Produce word for word the lines of the data below running from the one that has "Dragonfly Art Love" to the one that has "Golden lubricating oil", inclusive, and no others.

Provided records:
++++++

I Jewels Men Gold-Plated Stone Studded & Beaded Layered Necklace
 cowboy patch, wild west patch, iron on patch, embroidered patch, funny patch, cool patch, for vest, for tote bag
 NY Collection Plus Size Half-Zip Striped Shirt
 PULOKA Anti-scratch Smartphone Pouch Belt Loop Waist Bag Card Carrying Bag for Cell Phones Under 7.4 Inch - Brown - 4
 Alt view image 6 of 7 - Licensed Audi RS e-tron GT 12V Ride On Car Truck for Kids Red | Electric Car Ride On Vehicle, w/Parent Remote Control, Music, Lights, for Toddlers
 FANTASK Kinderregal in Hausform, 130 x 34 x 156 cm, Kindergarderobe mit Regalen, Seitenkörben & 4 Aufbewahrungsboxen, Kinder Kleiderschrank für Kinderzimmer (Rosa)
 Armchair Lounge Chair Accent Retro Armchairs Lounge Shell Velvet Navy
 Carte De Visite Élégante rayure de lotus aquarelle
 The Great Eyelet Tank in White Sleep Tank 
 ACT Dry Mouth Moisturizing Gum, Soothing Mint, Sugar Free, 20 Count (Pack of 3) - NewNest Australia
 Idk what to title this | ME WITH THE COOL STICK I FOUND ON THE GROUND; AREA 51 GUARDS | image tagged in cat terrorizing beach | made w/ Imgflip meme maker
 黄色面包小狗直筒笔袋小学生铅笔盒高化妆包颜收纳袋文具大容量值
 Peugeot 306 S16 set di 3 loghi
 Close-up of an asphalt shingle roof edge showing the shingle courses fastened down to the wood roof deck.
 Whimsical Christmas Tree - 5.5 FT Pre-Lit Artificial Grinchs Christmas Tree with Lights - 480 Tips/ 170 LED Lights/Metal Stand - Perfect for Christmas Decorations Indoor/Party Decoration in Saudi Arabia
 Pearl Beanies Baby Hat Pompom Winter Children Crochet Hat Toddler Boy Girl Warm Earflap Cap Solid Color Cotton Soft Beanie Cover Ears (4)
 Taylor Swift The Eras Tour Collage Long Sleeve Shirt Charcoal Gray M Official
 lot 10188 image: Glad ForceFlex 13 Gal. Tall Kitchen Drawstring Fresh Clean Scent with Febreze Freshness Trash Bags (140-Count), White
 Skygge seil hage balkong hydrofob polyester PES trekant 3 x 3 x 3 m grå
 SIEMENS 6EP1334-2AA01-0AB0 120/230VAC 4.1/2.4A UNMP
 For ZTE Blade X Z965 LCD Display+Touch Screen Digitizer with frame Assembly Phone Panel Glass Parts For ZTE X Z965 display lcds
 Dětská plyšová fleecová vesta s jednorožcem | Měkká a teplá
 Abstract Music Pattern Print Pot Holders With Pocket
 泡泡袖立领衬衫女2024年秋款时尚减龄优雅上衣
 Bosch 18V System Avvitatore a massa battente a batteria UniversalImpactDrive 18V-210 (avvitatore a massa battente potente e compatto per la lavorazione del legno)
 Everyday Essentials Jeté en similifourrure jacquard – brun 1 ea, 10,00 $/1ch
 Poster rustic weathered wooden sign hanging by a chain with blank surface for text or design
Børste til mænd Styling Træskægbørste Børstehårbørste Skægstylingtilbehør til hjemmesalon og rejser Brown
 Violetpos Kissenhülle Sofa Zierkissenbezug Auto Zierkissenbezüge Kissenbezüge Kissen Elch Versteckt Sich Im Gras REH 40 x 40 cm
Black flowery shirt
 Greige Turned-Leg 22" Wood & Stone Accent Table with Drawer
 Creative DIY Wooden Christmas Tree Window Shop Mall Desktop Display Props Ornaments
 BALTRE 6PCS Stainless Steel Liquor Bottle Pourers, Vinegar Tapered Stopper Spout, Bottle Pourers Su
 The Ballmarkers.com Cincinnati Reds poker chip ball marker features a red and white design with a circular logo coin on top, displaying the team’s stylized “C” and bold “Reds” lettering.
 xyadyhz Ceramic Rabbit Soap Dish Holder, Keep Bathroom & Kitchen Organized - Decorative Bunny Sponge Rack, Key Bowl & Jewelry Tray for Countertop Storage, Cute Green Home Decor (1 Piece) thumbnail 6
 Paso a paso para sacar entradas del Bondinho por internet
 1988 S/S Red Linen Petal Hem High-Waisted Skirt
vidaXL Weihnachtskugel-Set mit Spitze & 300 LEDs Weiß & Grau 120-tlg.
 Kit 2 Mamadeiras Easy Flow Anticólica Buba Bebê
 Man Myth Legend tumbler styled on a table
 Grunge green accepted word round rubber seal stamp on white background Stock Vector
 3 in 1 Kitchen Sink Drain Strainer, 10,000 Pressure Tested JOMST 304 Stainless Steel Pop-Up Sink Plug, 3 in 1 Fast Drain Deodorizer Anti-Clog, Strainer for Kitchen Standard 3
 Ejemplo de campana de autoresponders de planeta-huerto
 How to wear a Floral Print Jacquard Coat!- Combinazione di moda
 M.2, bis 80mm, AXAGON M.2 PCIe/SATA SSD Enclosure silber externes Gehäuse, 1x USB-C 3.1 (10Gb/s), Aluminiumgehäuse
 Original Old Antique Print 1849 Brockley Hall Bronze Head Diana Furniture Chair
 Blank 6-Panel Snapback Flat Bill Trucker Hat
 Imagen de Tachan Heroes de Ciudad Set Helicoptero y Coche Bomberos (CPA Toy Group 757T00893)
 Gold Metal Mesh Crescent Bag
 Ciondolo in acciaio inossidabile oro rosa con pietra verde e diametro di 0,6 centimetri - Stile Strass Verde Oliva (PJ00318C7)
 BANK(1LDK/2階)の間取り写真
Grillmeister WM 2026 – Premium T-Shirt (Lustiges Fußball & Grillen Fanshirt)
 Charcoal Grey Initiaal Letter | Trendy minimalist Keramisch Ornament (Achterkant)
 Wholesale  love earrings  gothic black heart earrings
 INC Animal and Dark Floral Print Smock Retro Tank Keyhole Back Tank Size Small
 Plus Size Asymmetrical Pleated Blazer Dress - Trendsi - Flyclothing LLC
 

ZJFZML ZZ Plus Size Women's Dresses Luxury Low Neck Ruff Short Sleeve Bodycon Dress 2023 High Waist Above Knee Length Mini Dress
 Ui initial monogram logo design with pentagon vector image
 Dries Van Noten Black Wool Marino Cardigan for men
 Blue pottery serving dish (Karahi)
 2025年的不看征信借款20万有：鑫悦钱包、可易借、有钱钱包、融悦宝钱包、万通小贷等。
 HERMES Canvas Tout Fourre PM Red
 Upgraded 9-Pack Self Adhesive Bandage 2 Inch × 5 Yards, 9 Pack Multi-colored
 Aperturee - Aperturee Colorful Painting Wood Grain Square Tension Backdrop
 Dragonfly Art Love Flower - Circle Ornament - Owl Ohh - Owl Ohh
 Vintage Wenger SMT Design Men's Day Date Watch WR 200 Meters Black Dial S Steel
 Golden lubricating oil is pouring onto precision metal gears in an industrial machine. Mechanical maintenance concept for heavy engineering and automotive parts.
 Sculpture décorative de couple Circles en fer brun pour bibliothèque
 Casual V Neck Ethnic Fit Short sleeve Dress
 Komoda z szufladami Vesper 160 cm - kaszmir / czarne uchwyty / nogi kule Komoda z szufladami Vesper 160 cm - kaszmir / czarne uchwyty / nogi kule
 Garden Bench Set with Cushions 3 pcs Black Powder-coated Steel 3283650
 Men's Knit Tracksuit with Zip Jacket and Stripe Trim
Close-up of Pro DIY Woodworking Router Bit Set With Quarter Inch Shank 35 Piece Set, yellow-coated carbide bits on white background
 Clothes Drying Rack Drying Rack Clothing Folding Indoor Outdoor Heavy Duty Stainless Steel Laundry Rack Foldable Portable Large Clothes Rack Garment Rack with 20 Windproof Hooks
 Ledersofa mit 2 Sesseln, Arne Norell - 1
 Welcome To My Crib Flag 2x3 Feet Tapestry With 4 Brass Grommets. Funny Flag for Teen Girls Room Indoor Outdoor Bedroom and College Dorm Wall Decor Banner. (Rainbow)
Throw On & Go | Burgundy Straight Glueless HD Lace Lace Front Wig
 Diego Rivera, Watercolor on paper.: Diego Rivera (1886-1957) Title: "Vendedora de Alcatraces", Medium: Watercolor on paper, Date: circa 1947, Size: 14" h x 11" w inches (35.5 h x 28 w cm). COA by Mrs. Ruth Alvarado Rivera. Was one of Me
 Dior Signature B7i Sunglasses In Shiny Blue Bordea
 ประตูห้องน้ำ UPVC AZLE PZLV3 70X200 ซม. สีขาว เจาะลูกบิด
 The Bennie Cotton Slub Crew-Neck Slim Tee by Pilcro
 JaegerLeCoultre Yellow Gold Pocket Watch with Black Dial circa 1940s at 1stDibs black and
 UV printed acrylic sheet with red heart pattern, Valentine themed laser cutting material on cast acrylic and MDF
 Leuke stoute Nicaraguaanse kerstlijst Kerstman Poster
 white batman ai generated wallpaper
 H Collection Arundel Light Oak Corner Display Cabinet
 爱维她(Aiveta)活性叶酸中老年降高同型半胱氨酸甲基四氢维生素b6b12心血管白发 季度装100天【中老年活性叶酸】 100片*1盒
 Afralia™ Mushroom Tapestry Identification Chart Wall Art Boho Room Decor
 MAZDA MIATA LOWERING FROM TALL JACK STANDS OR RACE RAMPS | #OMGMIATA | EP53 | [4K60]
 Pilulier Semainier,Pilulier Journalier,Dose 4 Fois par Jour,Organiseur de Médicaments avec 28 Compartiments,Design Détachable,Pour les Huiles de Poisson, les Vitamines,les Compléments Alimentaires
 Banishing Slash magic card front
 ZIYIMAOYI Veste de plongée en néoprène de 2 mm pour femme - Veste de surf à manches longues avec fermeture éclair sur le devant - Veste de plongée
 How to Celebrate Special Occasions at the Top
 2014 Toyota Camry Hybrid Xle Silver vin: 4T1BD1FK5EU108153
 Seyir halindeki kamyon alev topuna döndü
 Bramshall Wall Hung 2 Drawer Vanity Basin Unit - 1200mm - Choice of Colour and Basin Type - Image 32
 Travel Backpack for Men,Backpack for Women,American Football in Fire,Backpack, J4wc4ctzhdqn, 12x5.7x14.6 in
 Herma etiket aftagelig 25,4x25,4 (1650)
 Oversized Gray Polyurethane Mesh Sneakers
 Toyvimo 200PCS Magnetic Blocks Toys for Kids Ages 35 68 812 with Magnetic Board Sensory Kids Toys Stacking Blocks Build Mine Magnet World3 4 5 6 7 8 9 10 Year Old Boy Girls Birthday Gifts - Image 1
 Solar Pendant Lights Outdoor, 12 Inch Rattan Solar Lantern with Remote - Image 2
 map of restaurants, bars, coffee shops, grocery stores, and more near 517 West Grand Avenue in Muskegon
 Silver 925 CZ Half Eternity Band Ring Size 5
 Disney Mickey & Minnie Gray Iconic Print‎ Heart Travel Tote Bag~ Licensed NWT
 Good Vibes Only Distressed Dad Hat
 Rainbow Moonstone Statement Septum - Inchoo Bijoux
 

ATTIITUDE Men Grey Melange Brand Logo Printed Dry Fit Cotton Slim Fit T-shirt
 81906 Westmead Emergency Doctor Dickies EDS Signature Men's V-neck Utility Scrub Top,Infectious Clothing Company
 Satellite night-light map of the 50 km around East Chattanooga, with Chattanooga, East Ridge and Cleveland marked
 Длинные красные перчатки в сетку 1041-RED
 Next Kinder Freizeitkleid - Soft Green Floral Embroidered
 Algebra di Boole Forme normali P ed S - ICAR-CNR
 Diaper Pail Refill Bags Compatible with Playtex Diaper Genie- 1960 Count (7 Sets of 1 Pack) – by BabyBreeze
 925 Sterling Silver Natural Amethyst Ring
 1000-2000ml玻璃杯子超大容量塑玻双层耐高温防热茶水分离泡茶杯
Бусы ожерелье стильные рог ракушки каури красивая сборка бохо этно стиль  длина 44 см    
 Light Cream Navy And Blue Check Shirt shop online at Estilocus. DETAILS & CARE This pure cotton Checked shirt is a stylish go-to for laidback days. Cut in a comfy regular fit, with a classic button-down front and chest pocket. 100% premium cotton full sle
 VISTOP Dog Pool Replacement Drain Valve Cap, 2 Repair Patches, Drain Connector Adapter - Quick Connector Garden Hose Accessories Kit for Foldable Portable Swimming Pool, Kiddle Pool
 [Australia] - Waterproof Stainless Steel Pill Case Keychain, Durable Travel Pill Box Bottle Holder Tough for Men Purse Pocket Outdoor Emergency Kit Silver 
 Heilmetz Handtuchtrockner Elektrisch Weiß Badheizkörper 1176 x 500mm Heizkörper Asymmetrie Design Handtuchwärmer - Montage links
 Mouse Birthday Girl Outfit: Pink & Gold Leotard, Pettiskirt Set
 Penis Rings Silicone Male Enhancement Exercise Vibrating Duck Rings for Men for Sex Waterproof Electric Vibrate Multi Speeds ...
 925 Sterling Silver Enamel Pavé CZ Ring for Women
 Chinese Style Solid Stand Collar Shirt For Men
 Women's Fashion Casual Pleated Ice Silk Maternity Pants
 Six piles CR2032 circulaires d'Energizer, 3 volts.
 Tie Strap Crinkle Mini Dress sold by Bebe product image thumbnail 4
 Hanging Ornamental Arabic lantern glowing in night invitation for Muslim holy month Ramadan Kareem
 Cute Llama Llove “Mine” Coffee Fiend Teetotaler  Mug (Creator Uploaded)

++++++

Answer to this task:
 Dragonfly Art Love Flower - Circle Ornament - Owl Ohh - Owl Ohh
 Vintage Wenger SMT Design Men's Day Date Watch WR 200 Meters Black Dial S Steel
 Golden lubricating oil is pouring onto precision metal gears in an industrial machine. Mechanical maintenance concept for heavy engineering and automotive parts.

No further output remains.